Take 5 and come back tomorrow
The view from my window

Take 5 and come back tomorrow

First of all, let’s be clear. The following is not investment research/advice. And, as such, it involves no investment recommendations. These are my thoughts on Spanish equity issues, which I find relevant. I share them freely (and not just as regards price). As always, I am only trying to help. Please read the rest of the “discomplainer (*)” at the end of the article.

Market environment: Unsteady progress - (Asian markets were mixed but futures point to a decline in Europe due to weakened sentiment regarding Covid) – The markets eased off on Friday and Asian markets today were mixed. Futures point to some weakness in Europe, with the forecast for the US being more variable. We continue to be stuck in a fight between economic optimism and fears of a Covid rebound. With geopolitical tensions (US-Europe, US-China and Brexit) still in the background.

Response to the Covid-19 crisis: The worst is behind us, and coming up fast - (A divided EU fails to agree to a recovery plan which is urged by the ECB as “the worst is still to come”) – The initial meeting to discuss the European recovery plan did not end in agreement. But I doubt anyone seriously expected it to. The ECB trying to urge an agreement, by stating that the worst is still to come, is completely understandable, as otherwise the bulk of the effort to offset the economic impact of Covid would fall on its shoulders. Fortunately, its statements do not seem to have had a very negative impact on sentiment. There seems to be wide agreement that a deal will be struck in July. Hopefully, this will be the case.
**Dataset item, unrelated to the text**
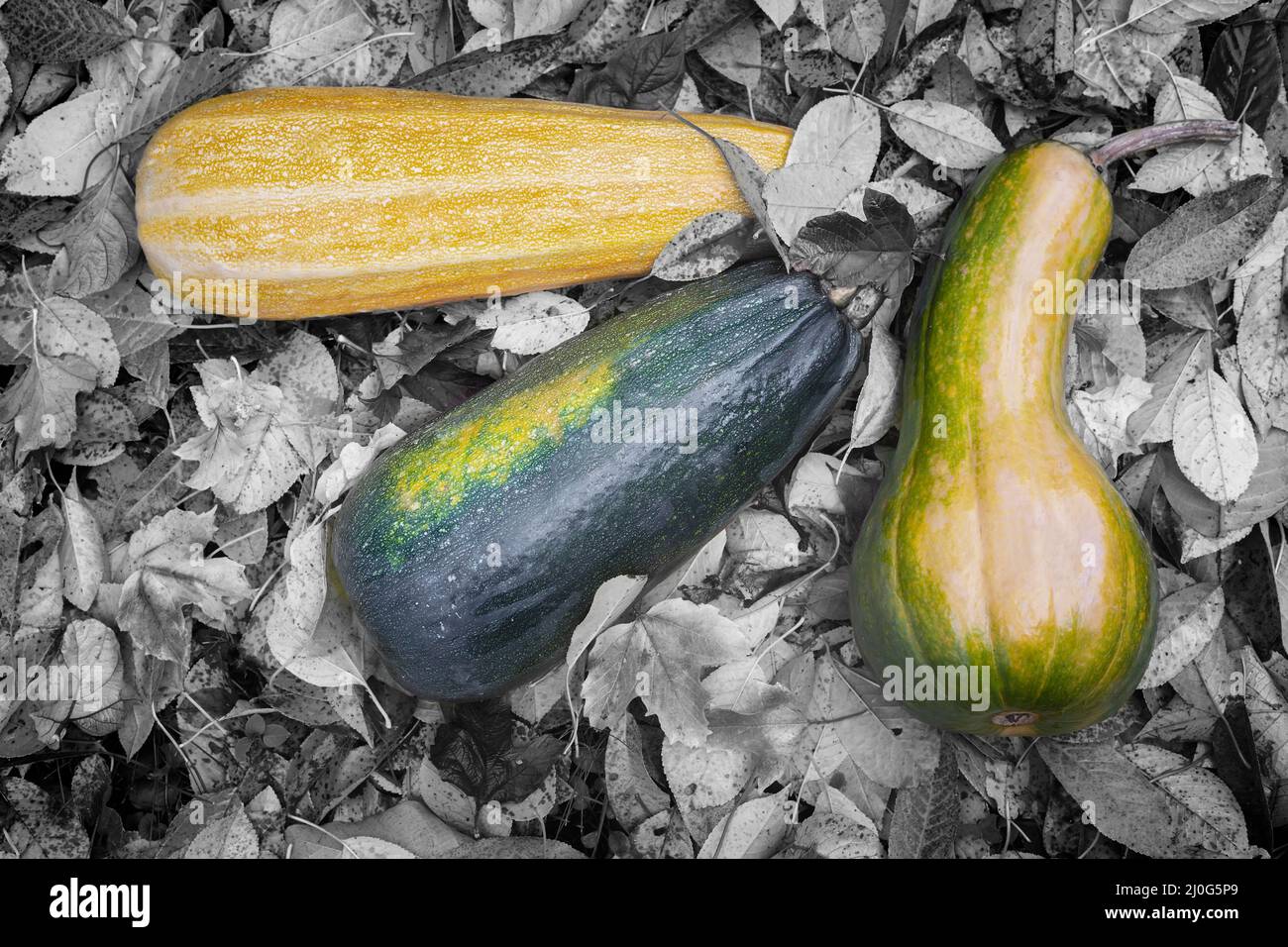 Pumpkins on the ground among autumn leaves Stock Photo - Alamy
Hotels:  Dodging the bullet in the foot - (UK tourists allowed to enter Spain without a quarantine, while the Minister for Tourism says that it is key to show that Spain is a safe destination and the lack of bookings lead to 35% discounts in hotel prices) – The Spanish government swallowing its pride and not imposing a quarantine on UK tourists, despite the quarantine imposed by the UK on arrivals from Spain, makes sense. The UK is the largest source of tourists to Spain, and anything else would have been a case of shooting oneself in the foot. Unfortunately, the UK quarantine (and Foreign Office advice to restrict foreign travel) is still in force, which should weigh on UK tourism to Spain. But at least Spain does not have a comparative disadvantage. Efforts to paint Spain as a “safe” destination are hampered by its track record in handling Covid, and the advertisement produced to support foreign tourism, featuring a number of world famous personalities, is unlikely to help, as it is thoroughly depressing. Given the above, 35% discounts are painful, but understandable.

Banks: Bait and switch - (Banks have granted €70.484bn in government guaranteed loans (with total guarantees of €53.917). SMEs and self-employed workers have been granted €49.917bn in loans (with €39.895 guarantees, while the Government freezes the Podemos proposal of a tax on banks) – The programme of government guarantees for bank loans is increasingly looking like a covert bailout, as what seems to be going on is that banks are replacing loans guaranteed by SME owners/self employed workers, and their real estate assets, with new ones mostly backed by the Government (via the ICO development bank). There is nothing wrong with this, as it should prevent a large number of employers from going under, but the track record of eventual delinquency in such loans, if the crisis proves to be a long one, as was the case with the last one, is not good. Given the perceived need for the bailout, freezing a tax on banks would also seem to make sense.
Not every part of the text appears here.